Friday, June 26, 2020

“Any crisis resolution requires leaders who have first been very good at shaping their own path in a constructive way.” - Nepali Emerging Leaders Program 2020 Cohort Member

While there have been some recent moves to loosen restrictions, like many countries around the world Nepal has been in a state of lockdown due to the COVID19 pandemic since late March. With movement around the country banned, the Kroc Institute for Peace and Justice (Kroc IPJ) and its partner in Nepal, the Leadership Academy, faced new challenges for their Nepali Emerging Leaders Program (NELP). First, how do we continue engaging with the 30+ members of the 2020 cohort and keep them connected to one another during the lockdown? (The second seminar for the 2020 cohort, originally scheduled for April, is currently postponed.) And, how can the NELP best support the 52 program alumni spread across the country responding to the critical needs of their communities?  

With dozens of experienced mentors and consultants from government, media, civil society, and business as part of the program, the NELP team recognized the valuable guidance and knowledge that these leaders could bring to the current cohort and the program’s alumni during this critical time. As such, in mid-May the NELP began hosting online, remote sessions for the 2020 cohort and the 2018 and 2019 graduates. 

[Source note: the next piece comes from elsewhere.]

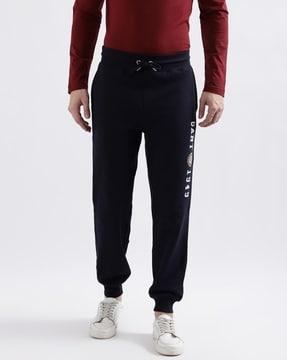 men joggers with drawstrings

Reflecting on the value of these sessions so far, Leadership Academy President Santosh Shah said, “It’s been really important for our participants to hear from one another and to get validation from individuals outside their districts about the value of their work. With the massive crisis created by COVID19, it’s easy to lose sight of how important all of their other work is, even if it’s not focused on responding to the pandemic.”

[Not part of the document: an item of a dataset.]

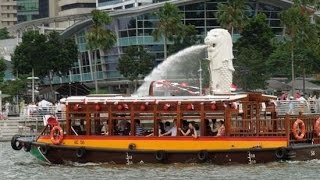 Singapore River Cruise [upl. by Carola]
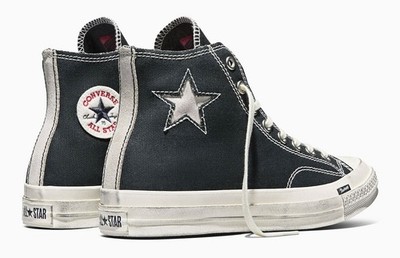 Converse x Madhappy Chuck 70 Hi Black A19147C sz 6.5 Men = 8.5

Members of the 2020 cohort have already attended seven sessions. Awadhesh Singh, senior advocate to the Nepal Supreme Court, offered advice on navigating the legal system, including the courts, during the lockdown. During her session, the Honorable Yashoda Devi Timsina, former commissioner to the Nepal Information Commission, talked about the importance of accurate, timely information during the crisis and the process for individuals to file a “Right to Information” case to gain access to such information. Reflected one participant on her session, “Each one of us can help ourselves by trusting the government mechanisms that already exist to work through these challenges.” 

Other facilitators spoke about how to meet Nepal’s immediate needs while also planning for long-term challenges. Member of the National Assembly Dr. Bimala Rai Puadyal highlighted the need for continued support to the agricultural sector to meet current needs and mitigate a looming food shortage crisis. 

Still other mentors have offered general encouragement during these unprecedented times. “We have to have patience during any time of crisis and never lose hope,” extolled former Constituent Assemblymember Ratna Gurung. “We have to take care of ourselves, stay strong, and stay positive to win this health battle.”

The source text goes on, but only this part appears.